No modulation gets 1 bit per Hz…the actual broadcast frequency is called the “carrier frequency”, that’s what the radio tunes to. That’s modulated to transmit the data; to avoid something called “aliasing” (basically, a distortion of the data stream due to not sampling it fast enough) you can’t accurately transmit a datastream with more than half the carrier frequency. So if your carrier frequency is 500 MHz the maximum theoretical data rate is 250 MHz.
But that’s not the same as what you can reliably transmit; radio is a noisy transmission medium.
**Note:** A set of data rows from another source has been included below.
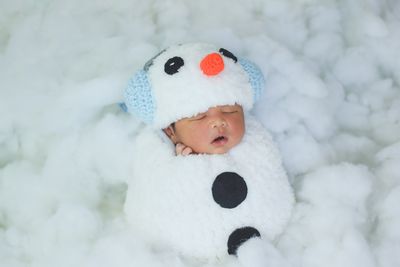 A baby girl as a snowman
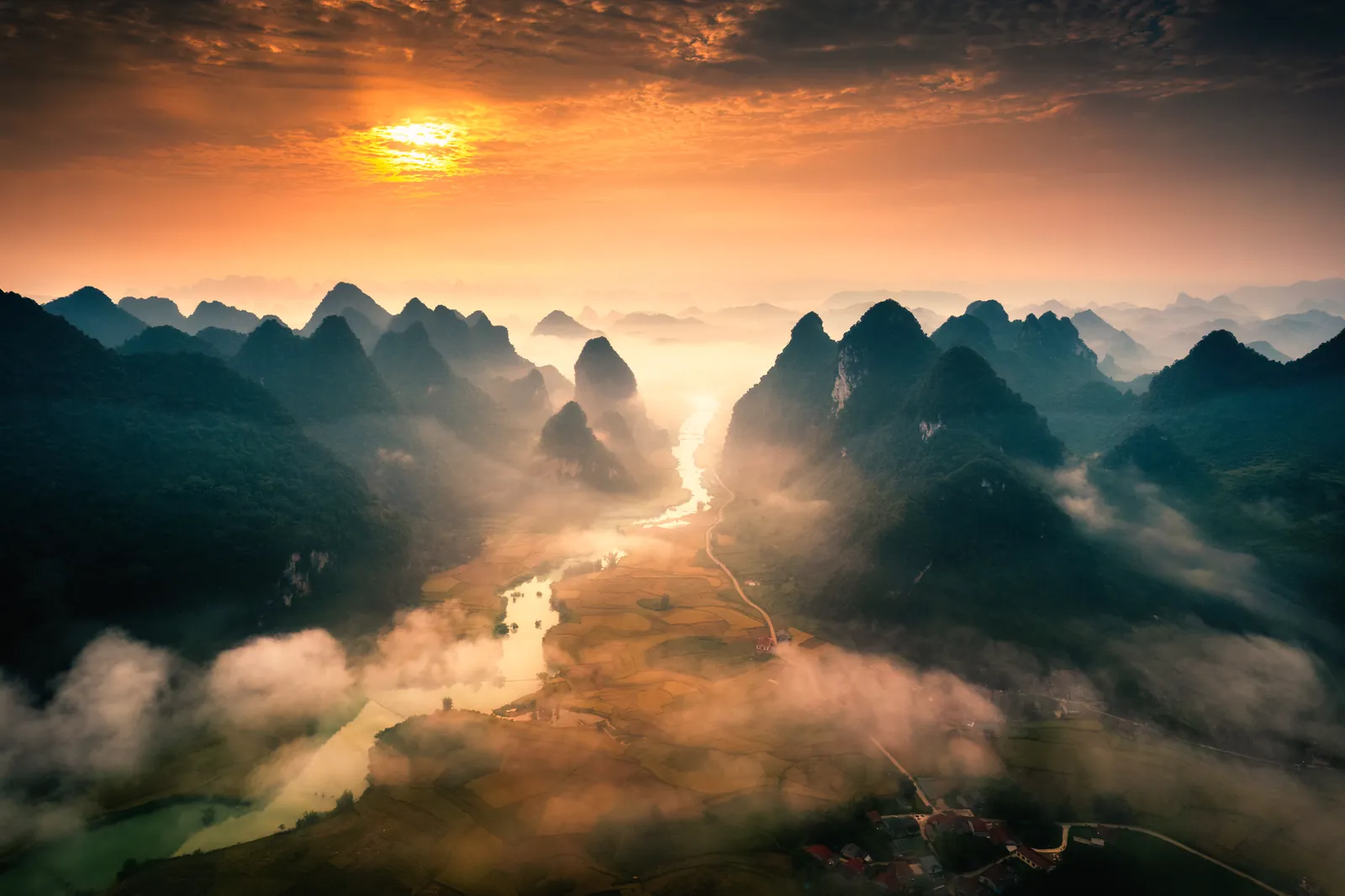 Mist over the river and the karst peaks at sunset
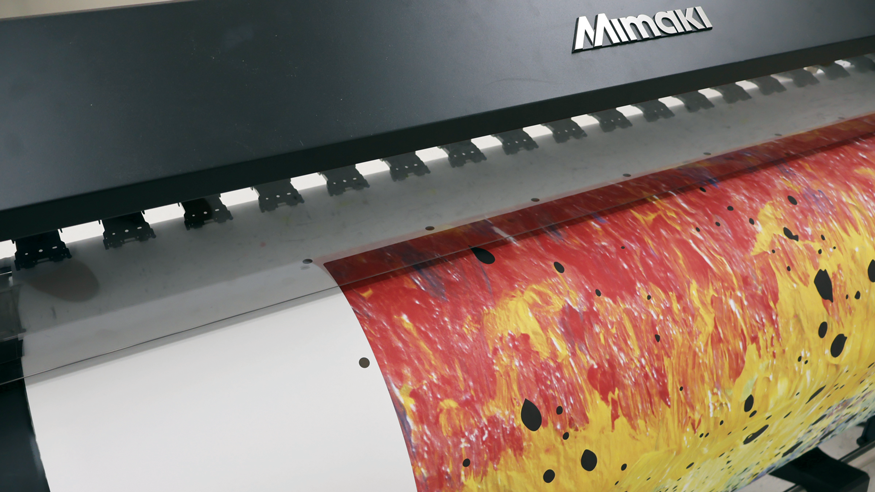 detail of a mimaki printer printing a colorful pattern on paper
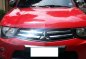 Red Mitsubishi Strada 2012 Truck for sale in Talisay City-0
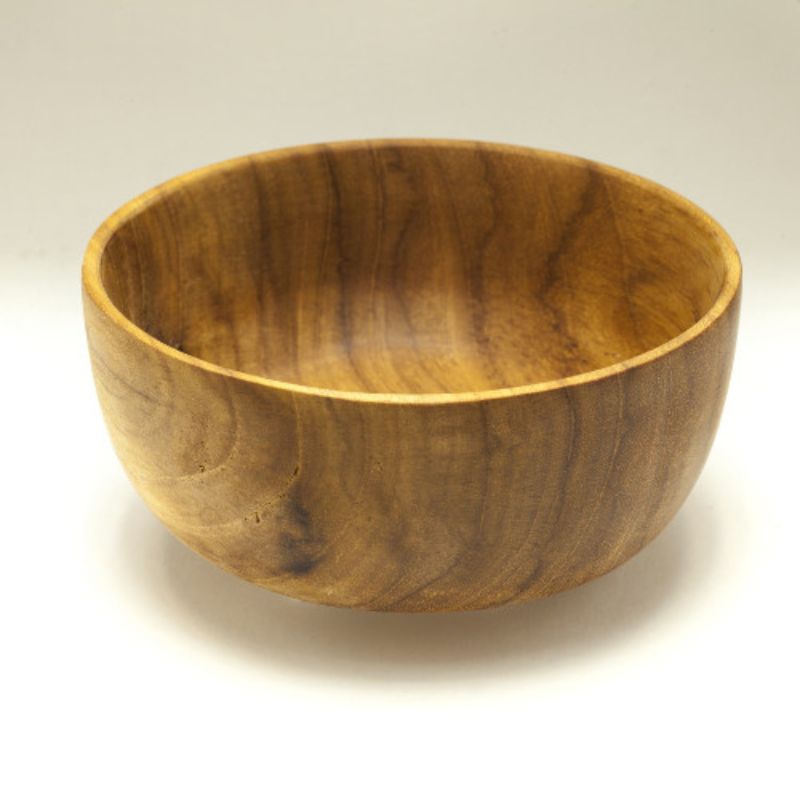 A handcrafted 13 cm teak wood bowl shown from a slightly elevated angle against a clean white background. The bowl features deep, rounded sides and a beautiful, natural grain with rich golden-brown and chestnut tones. Carved from a single piece of premium, sustainable teak, it has a smooth, food-safe finish, making it a safe, non-toxic, and durable choice for children's meals, snacks, or cereal.
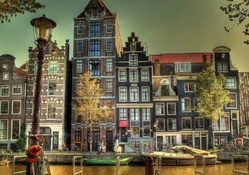 wonderful houses by the river in amsterdam hdr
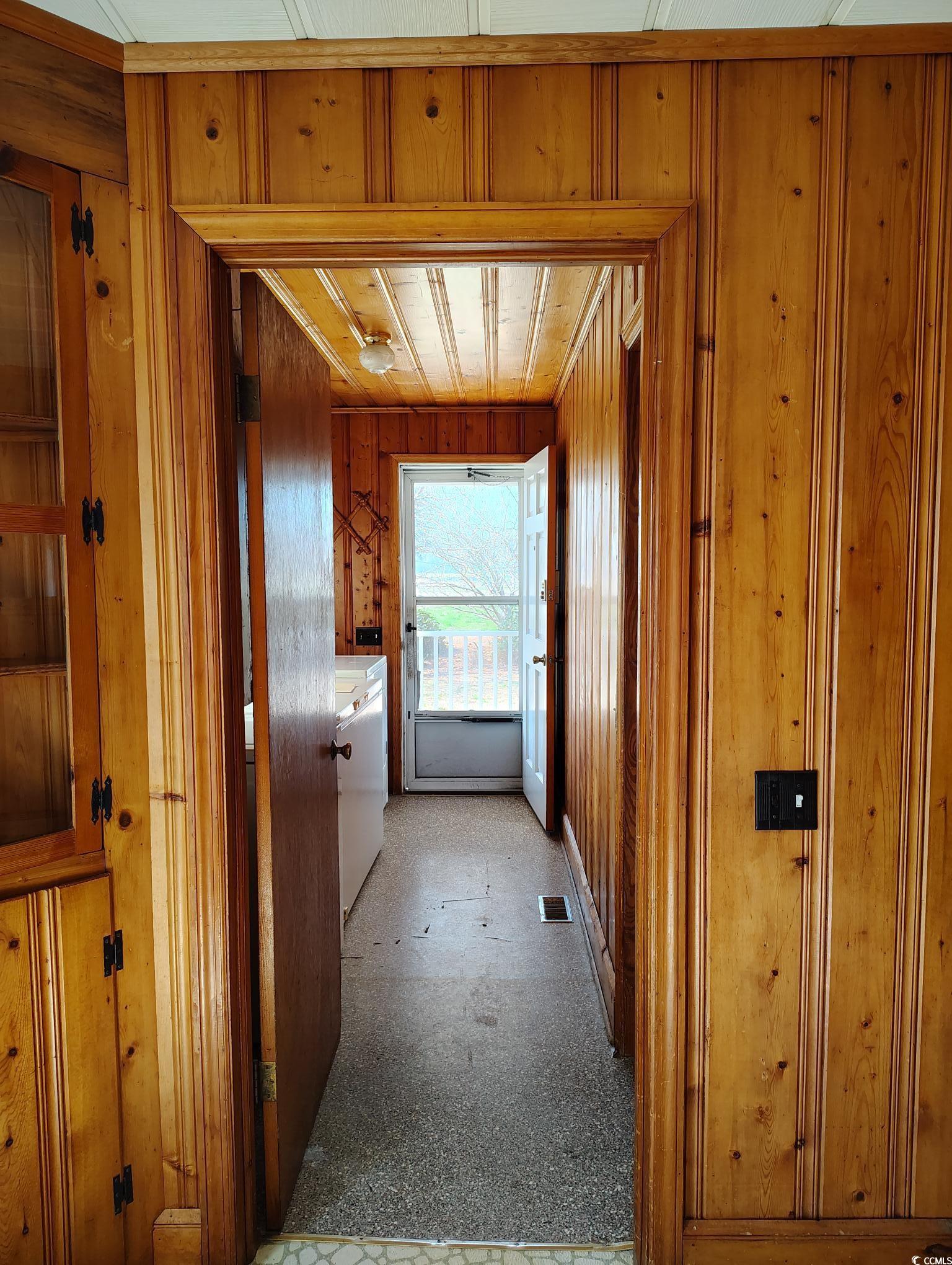 1375 Kenny Jordan Road Tabor City, NC 28463 - Photo 14 of 15 Hallway with visible vents and wood walls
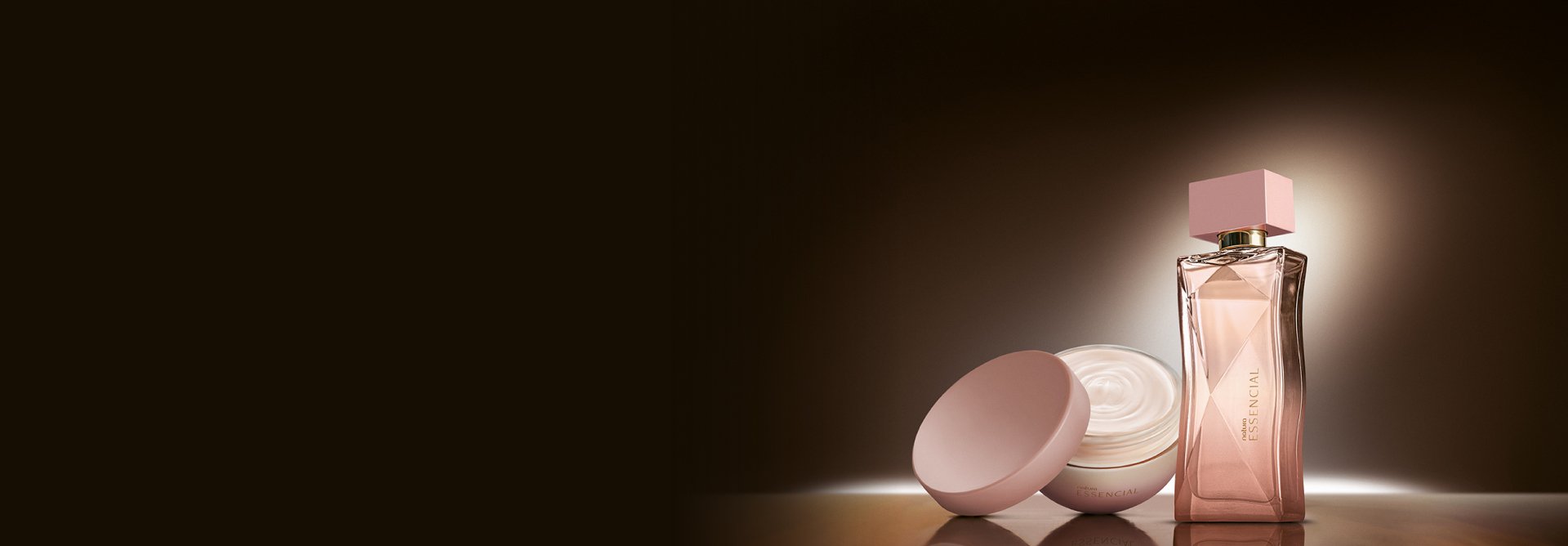 Na cena, Desodorante Hidratante Corporal Perfumado Essencial Feminino e Deo Parfum Essencial Feminino aparecem iluminados sobre superfície marrom em fundo escuro.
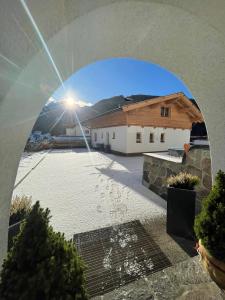 a view through a window of a house with a driveway at Chalet Andreashof in Gerlos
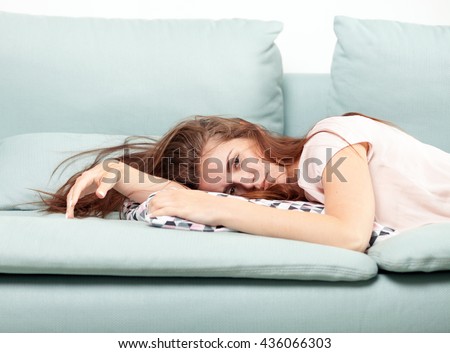 Exhausted young woman lying on couch at home, casual style indoor shoot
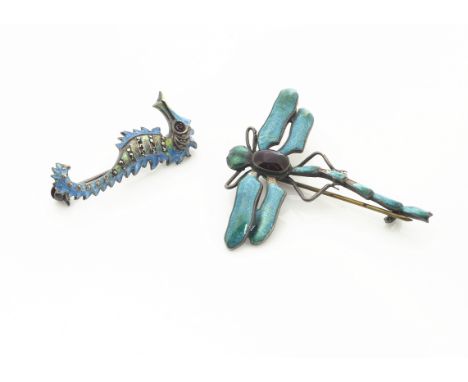 A continental silver and enamel dragonfly brooch, with red enamel abdomen and blue/green wings and head marked silver to reve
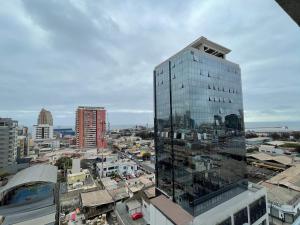 un edificio alto de cristal en la cima de una ciudad en Amplio Departamento - Edificio Tranquilo, en Antofagasta
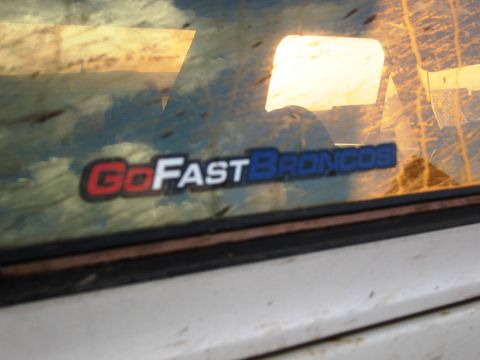 1986 Ford Bronco - A sticker on the window of a vehicle reads "Go Fast Broncos" with a red, white, and blue design.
Modern modulations use a ton of clever tricks to reduce the error rate and ensure reliable transmission over variable/flaky/interfering/reflecting channels…but that all comes at the cost of transmitting extra bits beyond the actual data. In some cases, a lot of extra bits. So the practical data rate is waaaaay lower than the theoretical one.
384 kbps is the maximum user bitrate but a 5 MHz UMTS carrier supports 20 channels so the whole carrier max bitrate is 7.68 Mbps. Moreover UMTS allows each adjacent tower to broadcast on the same frequencies whereas GSM signal must be broadcast on non-overlapping frequencies on adjacent towers. In densely populated areas a GSM tower typically broadcast on 1/7th of the available frequencies.
UMTS broadcasting on the same frequencies across all towers is not without penalty. If you are in the middle between two towers you’d never reach peak spectral efficiency but overall the penalty is not as bad as the 1/7th GSM frequency use penalty.
> 200 KHz = 270 kbps. And in that case I actually don’t understand how the symbol rate exceeded the frequency.
Firstly, 200 KHz is not frequency but bandwidth. Secondly, the symbol rate is not that important. Remember that the bitrate depends on signal-to-noise ratio. See [Shannon–Hartley theorem](https://en.wikipedia.org/wiki/Shannon%E2%80%93Hartley_theorem). You could increase the GSM symbol rate by simply decreasing symbol duration but that would cause the signal-to-noise ratio to decrease and the bitrate you can push through woudn’t change.